Step 1: Secure Your API Key

Create a .env file in your project root:

OPENAI_API_KEY=sk-your-key-here

Then load it in your script:

import os
from dotenv import load_dotenv
from openai import OpenAI

load_dotenv()
client = OpenAI(api_key=os.getenv("OPENAI_API_KEY"))

Step 2: Build the Chat Loop with Memory

The OpenAI Chat API is stateless — it doesn't remember previous messages. To give your bot memory, you maintain a list of messages and send the full history with each request:

conversation_history = [
    {
        "role": "system",
        "content": "You are PyBot, a helpful assistant specializing in Python programming, automation, and bots. Be concise and practical."
    }
]

def chat(user_message):
    conversation_history.append({"role": "user", "content": user_message})
    
    response = client.chat.completions.create(
        model="gpt-4o-mini",
        messages=conversation_history,
        max_tokens=500,
        temperature=0.7
    )
    
    assistant_message = response.choices[0].message.content
    conversation_history.append({"role": "assistant", "content": assistant_message})
    return assistant_message

print("PyBot ready! Type 'quit' to exit.\n")
while True:
    user_input = input("You: ")
    if user_input.lower() == "quit":
        break
    reply = chat(user_input)
    print(f"PyBot: {reply}\n")

Understanding the Message Roles

RolePurpose
systemSets the bot's personality, rules, and context
userThe human's input
assistantThe bot's previous responses (for memory)

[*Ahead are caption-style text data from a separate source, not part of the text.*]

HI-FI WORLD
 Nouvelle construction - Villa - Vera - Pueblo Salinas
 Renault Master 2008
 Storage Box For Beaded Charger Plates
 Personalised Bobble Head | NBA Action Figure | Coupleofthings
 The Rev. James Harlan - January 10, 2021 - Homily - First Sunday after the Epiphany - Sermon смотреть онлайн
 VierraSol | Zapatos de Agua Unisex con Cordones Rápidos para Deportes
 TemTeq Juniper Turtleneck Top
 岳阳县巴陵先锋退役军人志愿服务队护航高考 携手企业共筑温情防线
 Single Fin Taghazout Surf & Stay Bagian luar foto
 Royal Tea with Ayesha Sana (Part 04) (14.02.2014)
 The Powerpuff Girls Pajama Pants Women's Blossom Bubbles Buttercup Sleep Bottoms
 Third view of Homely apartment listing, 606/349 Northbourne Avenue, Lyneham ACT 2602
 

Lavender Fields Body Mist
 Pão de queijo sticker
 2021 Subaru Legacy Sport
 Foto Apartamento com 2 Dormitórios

Step 3: Managing Token Limits

Conversation history grows indefinitely, which eventually hits token limits and increases costs. Implement a simple trimming strategy:

MAX_HISTORY = 20  # keep last 20 exchanges

def trim_history():
    global conversation_history
    system_msg = conversation_history[0]
    recent = conversation_history[-(MAX_HISTORY * 2):]
    conversation_history = [system_msg] + recent

Call trim_history() at the start of each chat() call.

Step 4: Handling Errors Gracefully

from openai import RateLimitError, APIConnectionError

def chat(user_message):
    try:
        # ... your existing chat logic
    except RateLimitError:
        return "I'm receiving too many requests right now. Please try again in a moment."
    except APIConnectionError:
        return "I'm having trouble connecting to my brain. Check your internet connection."
    except Exception as e:
        return f"Something went wrong: {str(e)}"

Next Steps

  • Stream responses for a more natural, real-time feel using stream=True
  • Add function calling to let the AI trigger real actions in your app
  • Embed into Discord or Telegram to deploy your AI bot to a real audience
  • Use RAG (Retrieval-Augmented Generation) with tools like LangChain to give the bot knowledge of your own documents

With these fundamentals in place, you have a fully functional AI chatbot that you can customize, deploy, and extend in almost any direction.